3) Segala hal baru mengenai ibadah yang tidak pernah dilakukan oleh Rasulullah adalah
bidah (membuat syariat baru yang terlarang dalam agama), seperti mengeraskan bacaan
zikir, zikir bersama, dan lain-lain. KH. A. Dahlan menyerang sinkretisme (pencampur-
adukan ajaran) dan pengaruh animisme maupun agama lain yang dianggapnya menodai
Islam dan sudah membudaya. Ia juga menolak praktik-praktik kultural keagamaan seperti
tahlilan dan segala ritus yang tidak secara jelas bersumber pada al-Quran dan hadits yang
sahih (otentik) (Karim, 1986:5).
4) Menggunakan metode hisab (penghitungan astronomi matematis) untuk menentukan awal
dan akhir Ramadhan.
5) Lebih peduli pada pengembangan pendidikan formal daripada pendidikan non formal
seperti pesantren.
6) Lebih peduli pada program sosial kemasyarakatan daripada pelaksanaan ritual keagamaan
yang bersifat kultural.
Meski Muhammadiyah banyak berkontribusi terhadap modernisasi umat Islam di
Indonesia, organisasi dan gerakan ini tidak terlepas dari kritik.
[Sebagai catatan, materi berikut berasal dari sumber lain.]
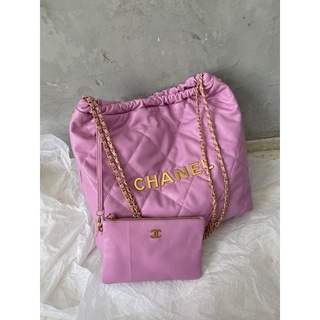 กระเป๋าสะพายหนัง ชาแนล Bag Set Size 42cm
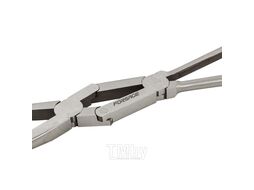 Утконосы изогнутые с удлиненными рукоятками и двойным шарнирным механизмом 45гр. CR-V 13"-325мм, на пластиковом держателе Forsage F-5047PX2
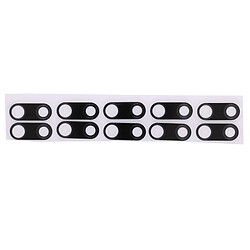 Avis Wewoo 10 PCS Back Camera Arrière Lens pour Huawei P20 Pro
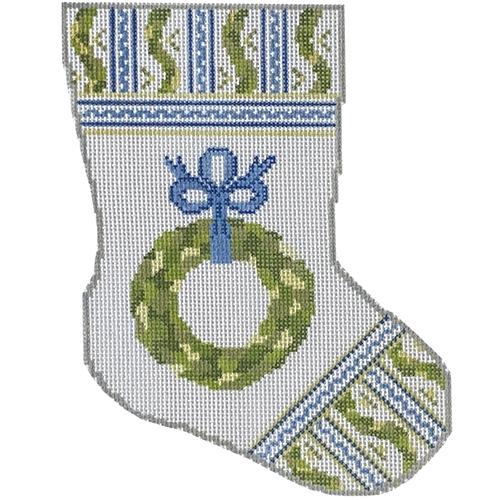 Holiday Trimmings Mini Stocking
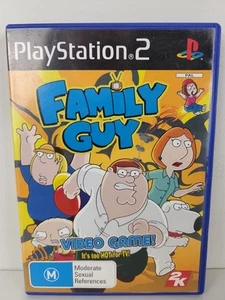Family Guy Video Game Playstation 2 Ps2 Video Game Free Postage - Picture 1 of 3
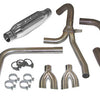 SLP 1998-2002 Chevrolet Camaro LS1 LoudMouth II Cat-Back Exhaust System w/ Dual Tips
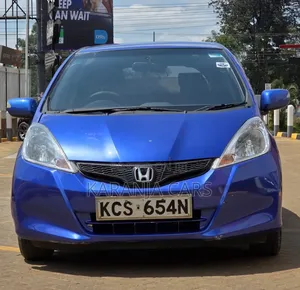 Honda Fit 2011 Blue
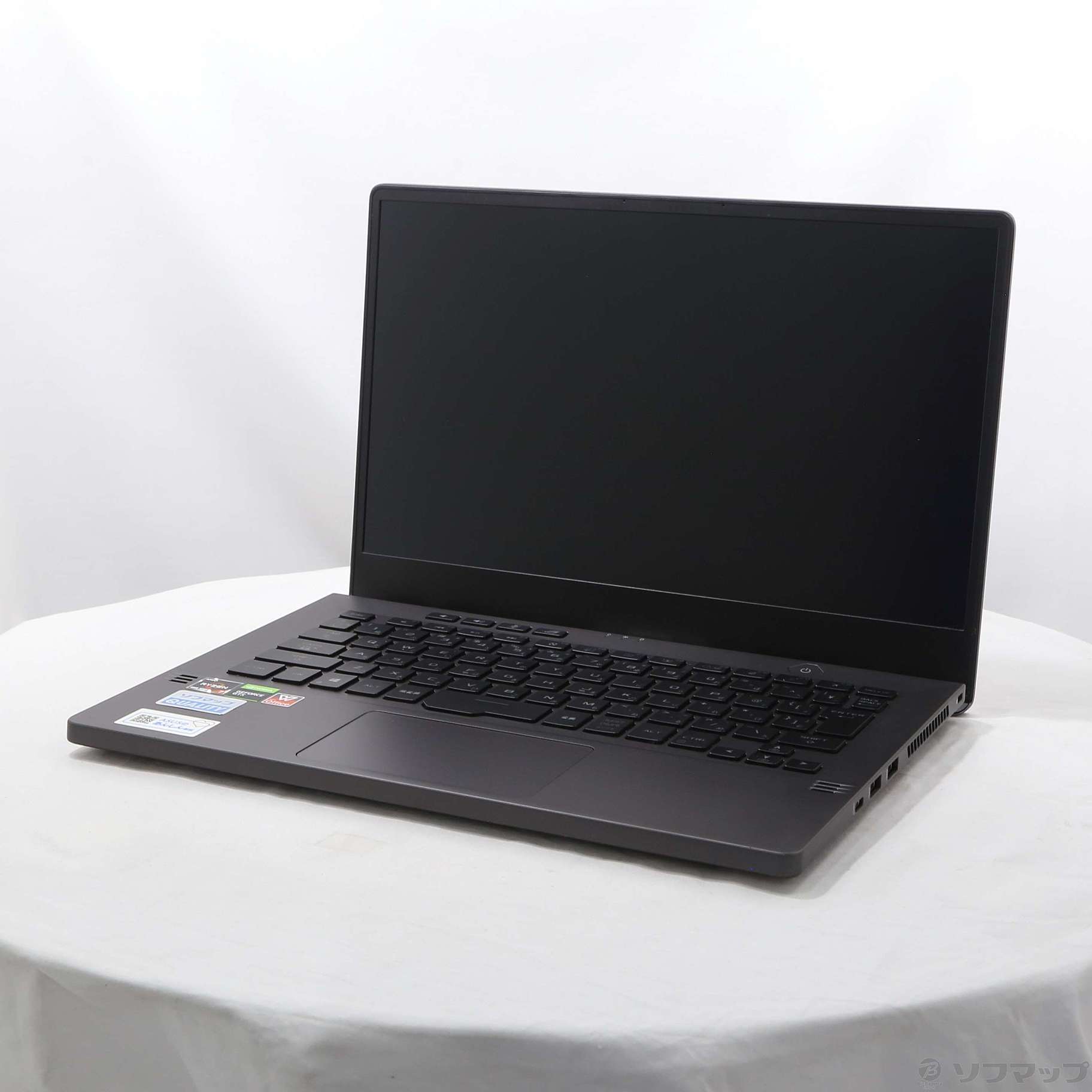中古】ROG Zephyrus G14 GA401IH GA401IH-R7G1650G エクリプスグレー 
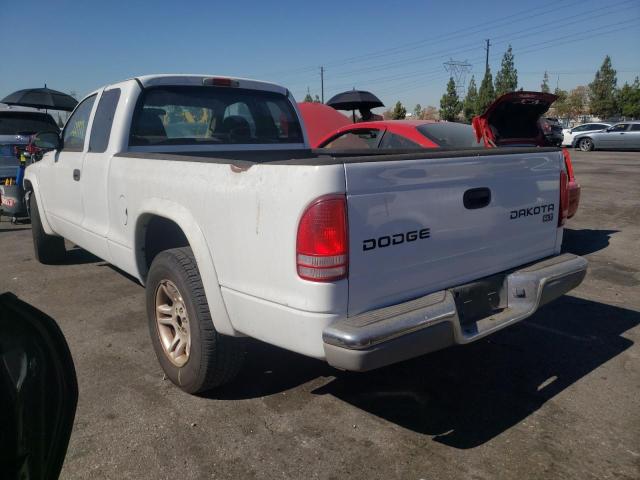 Photo 3 from auction – 2003 DODGE DAKOTA SLT with VIN 1D7HL42X13S294339
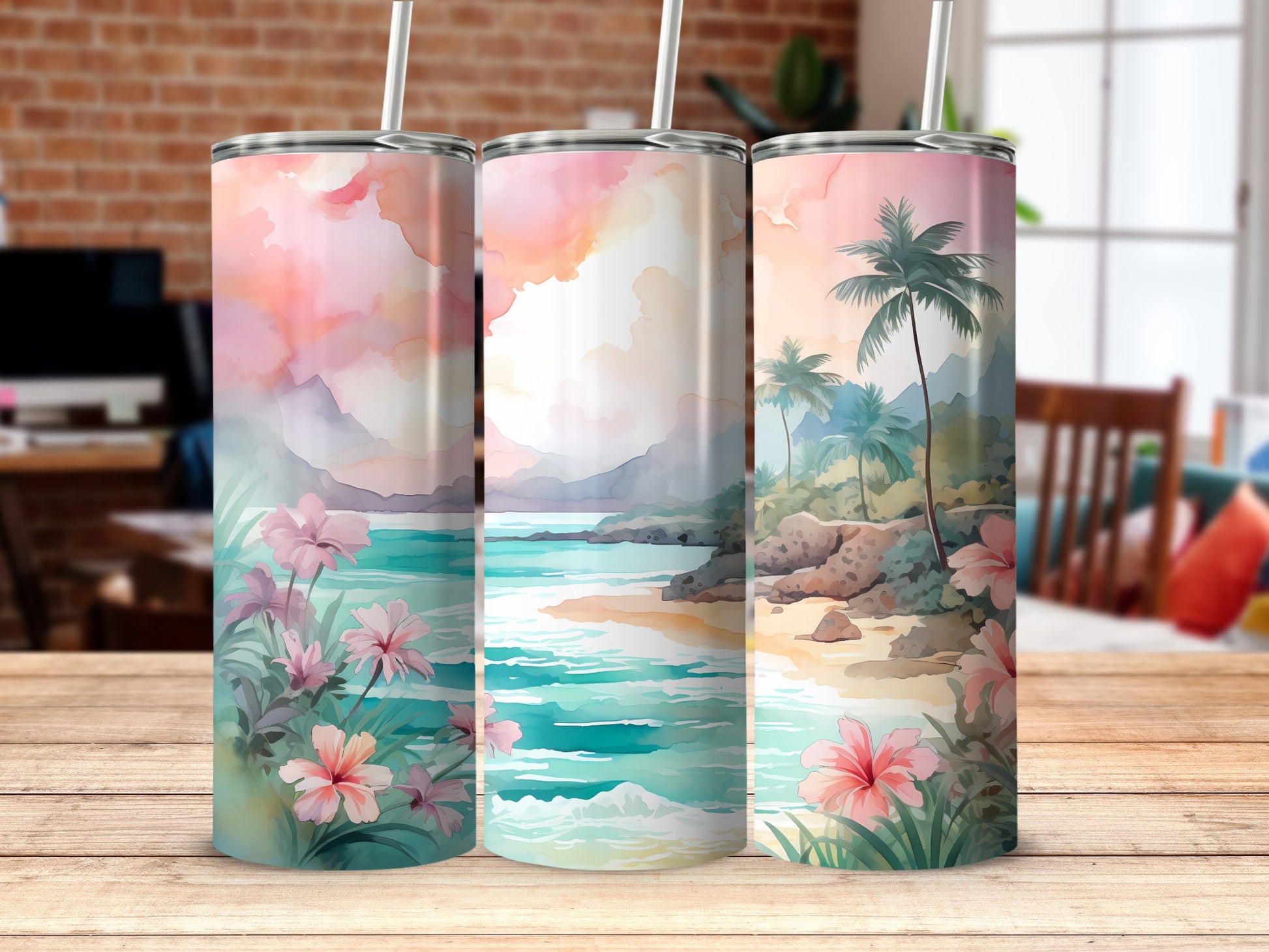 Tropical beach watercolor sunset palm tree hibiscus ocean product type
Tropical
Beach
Ocean
Watercolor
Hibiscus
Palm trees
Sunset
Island
Paradise
Summer
Travel
Nature
Floral
Vibrant
Coastal
Artistic
Serene
Exotic
Vacation
Seascape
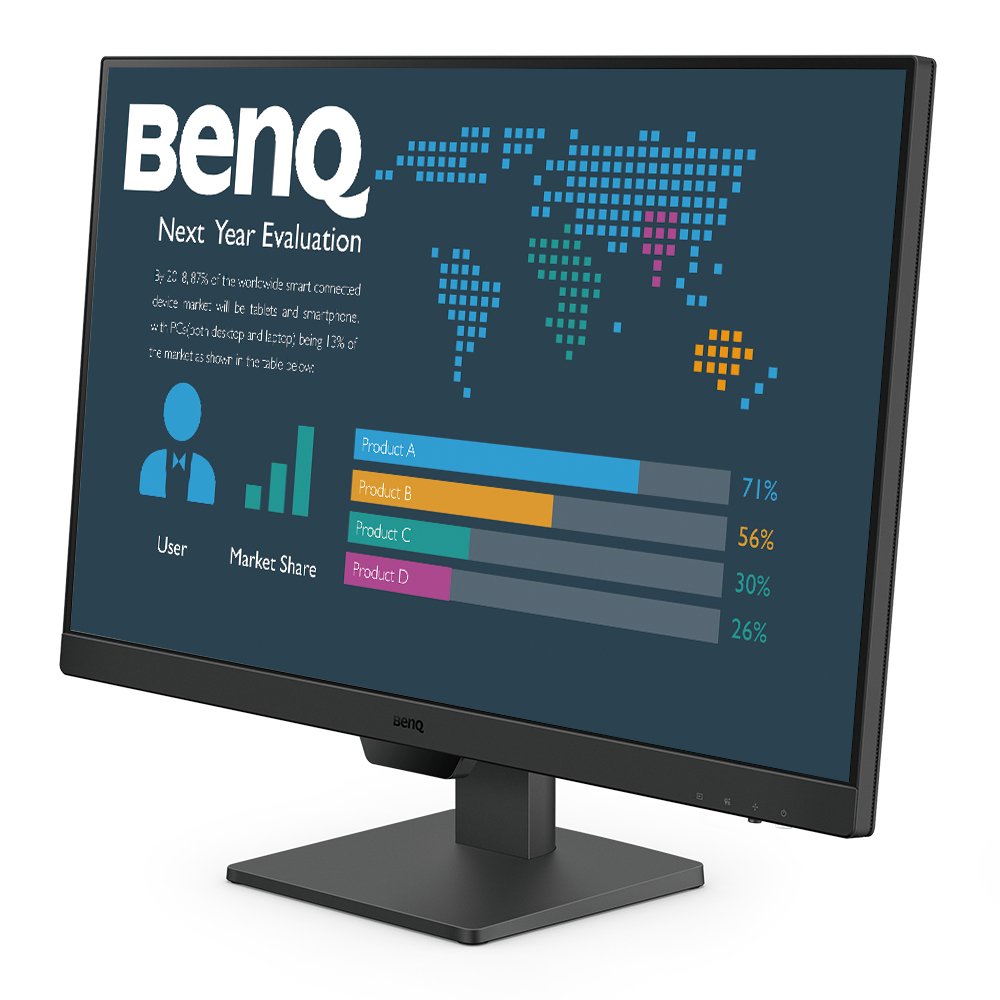 Monitor Benq Bl2790 27 Ips 1920x1080 16:9 250cd M2 5ms Black Hdmi, Dp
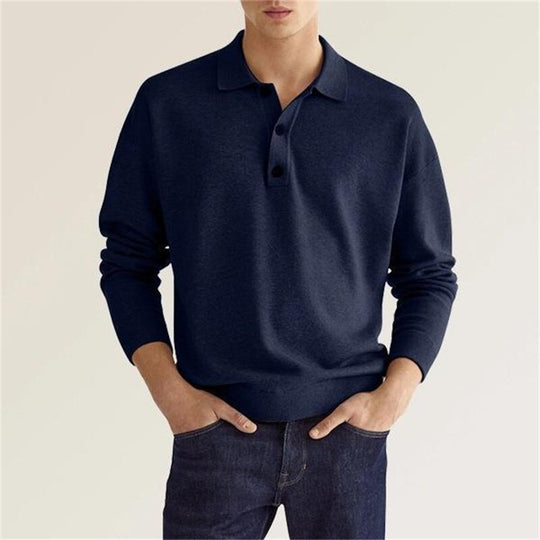 ROMAIN | LONG-SLEEVE POLO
Sejumlah kritik yang diarahkan
pada Muhammadiyah antara lain:
1) Kaderisasi kompetensi keulamaan di Muhammadiyah terkesan lamban
2) Minim lembaga pencetak kader keulamaan yang solid seperti pesantren
3) Pola ibadah cenderung kering dari nuansa penghayatan dan tasawuf
4) Gerakan dakwahnya bersifat elitis dan akademis di daerah perkotaan.

3. Basis Mahasiswa
Menurut Mujani (dalam Asyari, 2010:1), lebih dari 25 juta muslim Indonesia adalah
pengikut Muhammadiyah. Pada umumnya mereka berada di daerah perkotaan dan merupakan
kaum terpelajar. MM Billah (dalam Yunahar, 1993:11) berpendapat bahwa basis sosial dari
Muhammadiyah adalah sekolah modern, para pedagang, penduduk kota, para petani, dan
mencakup wilayah Jawa dan luar Jawa.
4. Pendekatan Dakwah
Dalam berdakwah, Muhammadiyah cenderung menggunakan pendekatan salaf
(manhaj al-salaf) dan dakwah menyeluruh (dakwah al-Islam kaffah). Dalam realitasnya,
Muhammadiyah memfokuskan dakwahnya pada pendidikan dan pelayanan kesehatan. Hal ini
terbukti dari banyaknya sekolah dan rumah sakit yang didirikan oleh Muhammadiyah.
Muhammadiyah juga menggunakan pendekatan ammar maruf nahi mungkar yang bersifat
struktural dari atas ke bawah (melalui kekuasaan).
Dalam dakwahnya Muhammadiyah konsen pada pemurnian dan pembaharuan. Di
samping itu dakwah Muhammadiyah bertumpu pada tiga prinsip yaitu tabsyir
(menyenangkan), islah (memperbaiki), dan tajdid (memperbarui). Prinsip tabsyir adalah
upaya Muhammadiyah untuk mendekati dan merangkul setiap potensi umat Islam (umat
ijabah) dan umat non-muslim (umat dakwah) untuk bergabung dalam naungan petunjuk Islam
dengan cara-cara yang bijaksana, pengajaran dan bimbingan yang baik, dan mujadalah
(diskusi dan debat) yang lebih baik. Prinsip islah ialah upaya membenahi dan memperbaiki
cara ber-Islam yang dimiliki oleh ummat Islam, khususnya warga Muhammadiyah, dengan
cara memurnikannya sesuai petunjuk syarI yang bersumber pada al-Quran dan sunnah Nabi.